• **Input for this task**:
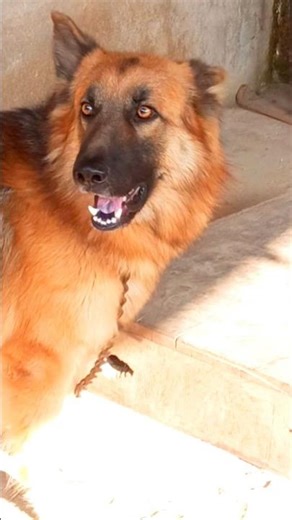 barking dog very angry dog barking dog #viral #germanshepherd #shorts #viral #trending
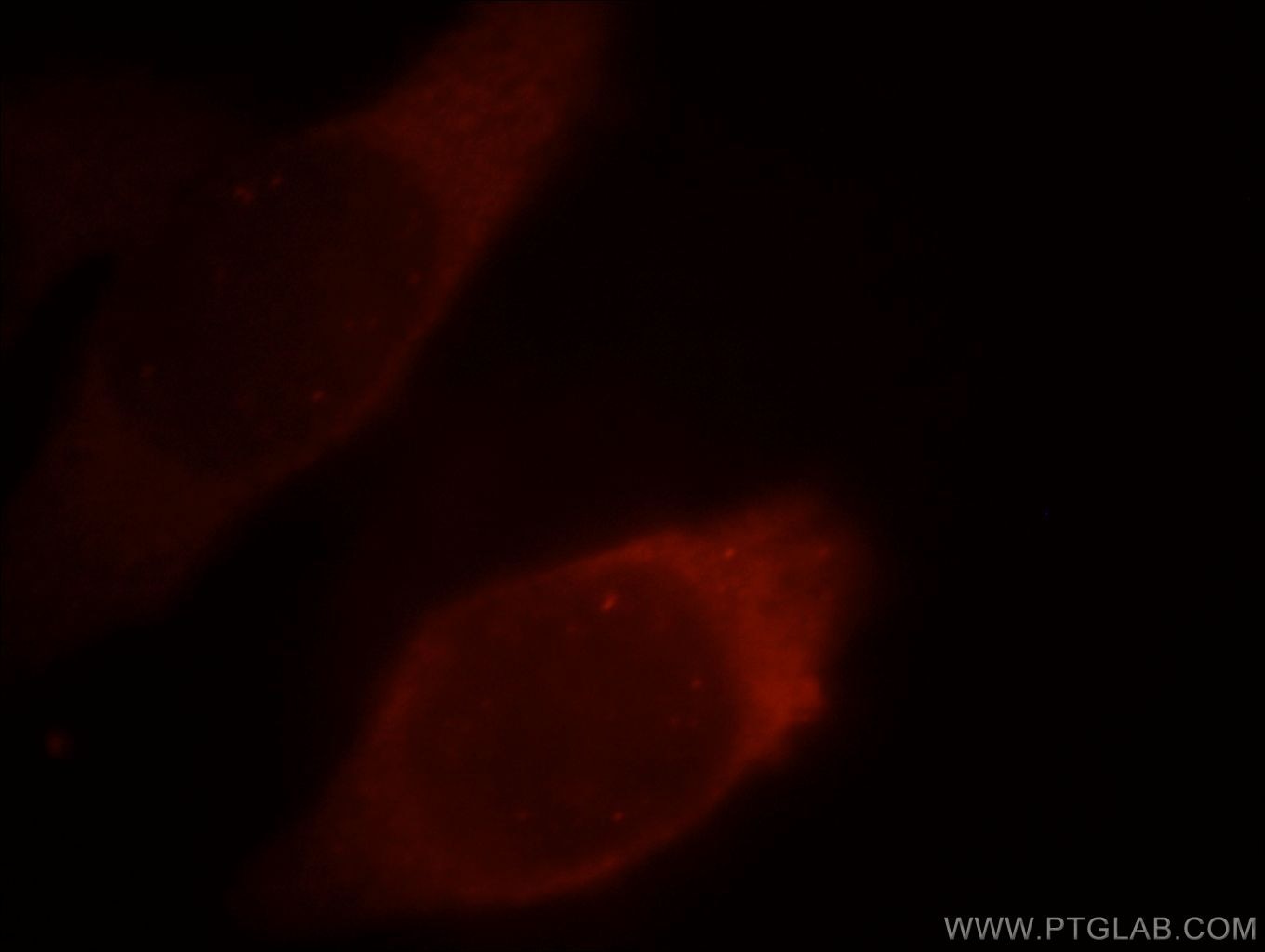 Immunofluorescence (IF) / fluorescent staining of MCF-7 cells using PKM2-specific Polyclonal antibody (15822-1-AP)
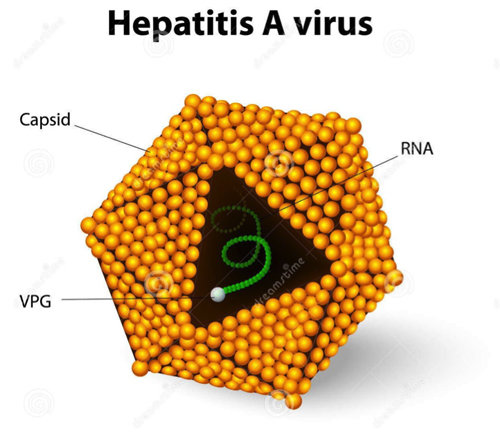 virus viêm gan A (HAV)virus viêm gan A (HAV)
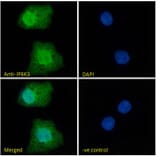 Immunofluorescence - Anti-IP6K3 Antibody (A326258) - Antibodies.com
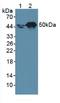 Retinoic Acid Receptor Alpha antibody, LS-C708769, Lifespan Biosciences, Western Blot image 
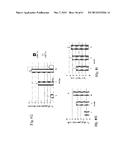 RETINAL PIGMENT EPITHELIAL CELLS DIFFERENTIATED FROM EMBRYONIC STEM CELLS     WITH NICOTINAMIDE AND ACTIVIN A diagram and image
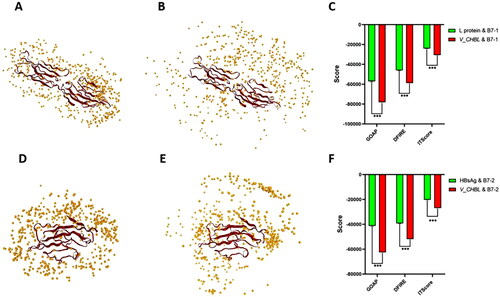 Figure 4. Difference analysis of quality score of docking complex. (A) This diagram is the top 500 quality docking Pose (s) of L protein with B7-1 and each yellow ball represents a spatial location of L protein. The relative space combination of any yellow ball with red region (B7-1) is a docking Pose. (B) This diagram is the top 500 quality docking Pose (s) of V_C4HBL with B7-1 and each yellow ball represents a spatial location of V_C4HBL. The relative space combination of any yellow ball with red region (B7-1) is a docking Pose. (C) This diagram is the difference analysis of docking quality scores between L protein with B7-1 and V_C4HBL with B7-1. The statistical method is two independent samples t-test (***p < 0.001). (D) This diagram is the top 500 quality docking Pose (s) of L protein with B7-2 and each yellow ball represents a spatial location of L protein. The relative space combination of any yellow ball with red region (B7-2) is a docking Pose. (E) This diagram is the top 500 quality docking Pose (s) of V_C4HBL with B7-2 and each yellow ball represents a spatial location of V_C4HBL. The relative space combination of any yellow ball with red region (B7-2) is a docking Pose. (F) This diagram is the difference analysis of docking quality scores between L protein with B7-2 and V_C4HBL with B7-2. The statistical method is two independent samples t-test (***p < 0.001).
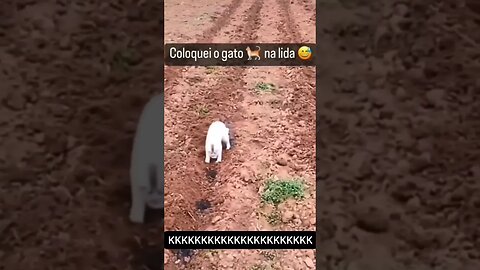 achei meu gato #shorts #viral #roça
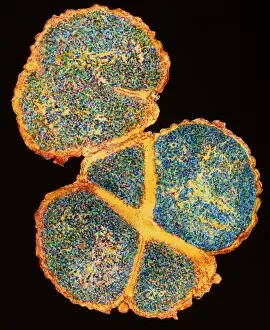 Images Dated 28th October 1994: Meningitis bacteria dividing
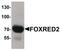 FAD-dependent oxidoreductase domain-containing protein 2 antibody, PA5-34345, Invitrogen Antibodies, Western Blot image 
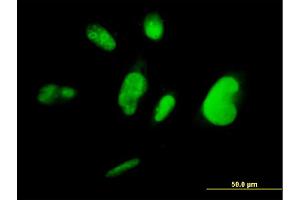 Immunofluorescence of monoclonal antibody to TCEA3 on HepG2 cell. (TCEA3 anticorps  (AA 1-348))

• **What is required**:
Leave out any pictures, please, and quote only the lines from the top of the data through the line that contains "virus viêm gan A (HAV)virus viêm gan A (HAV)".

• **Response to this exercise**:
 barking dog very angry dog barking dog #viral #germanshepherd #shorts #viral #trending
 Immunofluorescence (IF) / fluorescent staining of MCF-7 cells using PKM2-specific Polyclonal antibody (15822-1-AP)
 virus viêm gan A (HAV)virus viêm gan A (HAV)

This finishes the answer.